Tests show deer died of EHD

The Tribune-Democrat

October 12, 2007 11:53 pm

Test results of a dead deer in Westmont Borough were released Friday and confirmed that it died of epizootic hemorrhagic disease, commonly called EHD, said Walter Cottrell, the state game commission’s wildlife veterinarian.
In late September, the game commission said that a deer died of EHD in the Seward and St.
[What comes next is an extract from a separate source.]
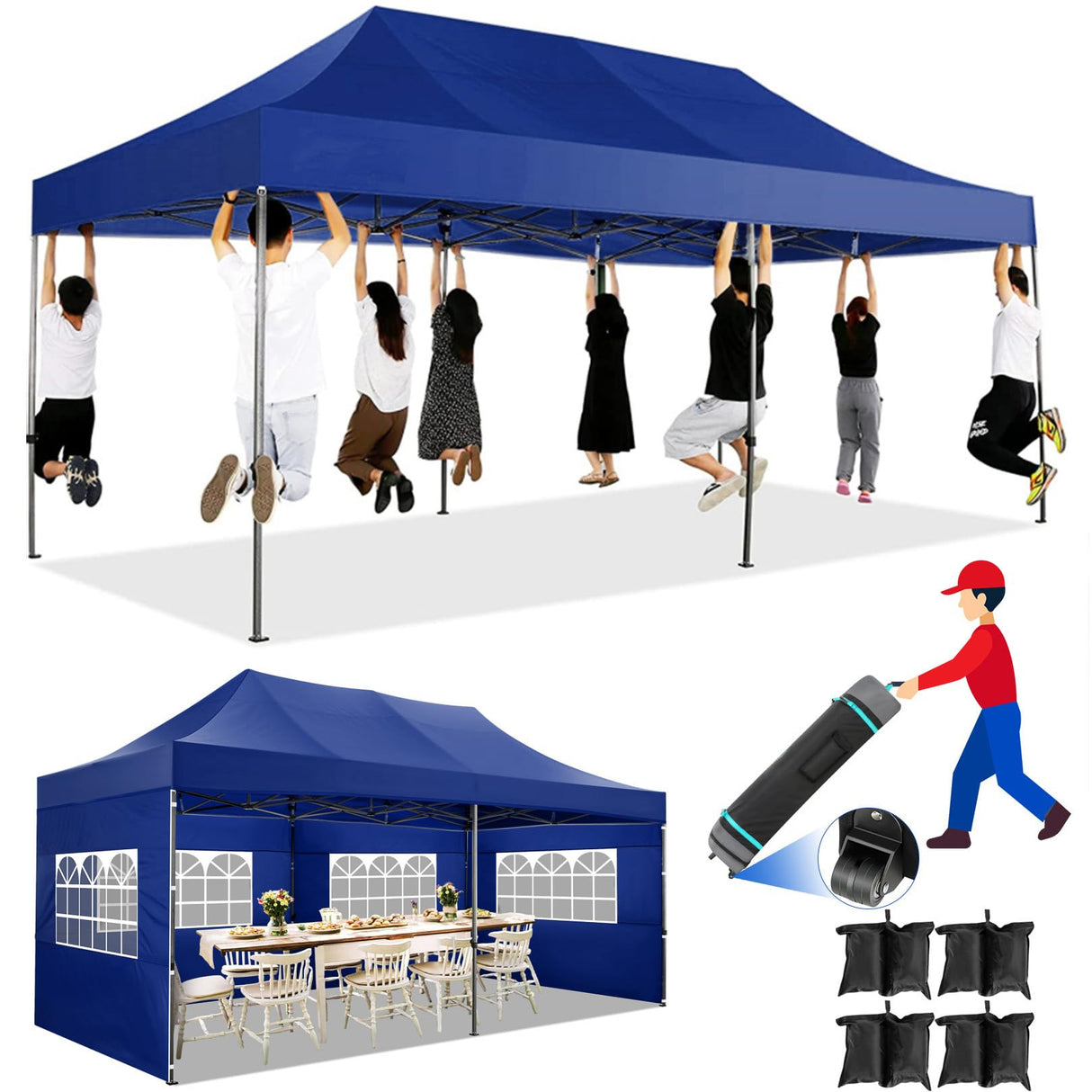 COBIZI Pop up Canopy Tent 10x20 Heavy Duty Gazebo with 6 Sidewalls, UPF 50+ All Weather Waterproof Commercial Outdoor Wedding Party Tents Canopy with Roller Bag, Dark Blue COBIZI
Clair Township area of Westmoreland County, a few miles to the west of the Johnstown suburb of Westmont.
There have been no other reports of sick deer or deer that have died from the disease in Cambria County, Cottrell said.
In Somerset, Franklin and Washington counties, EHD has been found in cattle, but no mortalities were reported in those cases.
There have been no reports of EHD in deer in the wild in Somerset or Franklin counties, he said.
Cottrell said other counties in which EHD has been confirmed in wild deer are Allegheny, Beaver and Greene.
On Oct. 11, the state Agriculture Department said it had confirmed EHD in farmed deer in Franklin County.
Cottrell said EHD is a common but sporadic disease in white-tailed deer populations of the United States, and is contracted by the bite of insects called “biting midges.”
EHD cannot be contracted by humans, Cottrell said.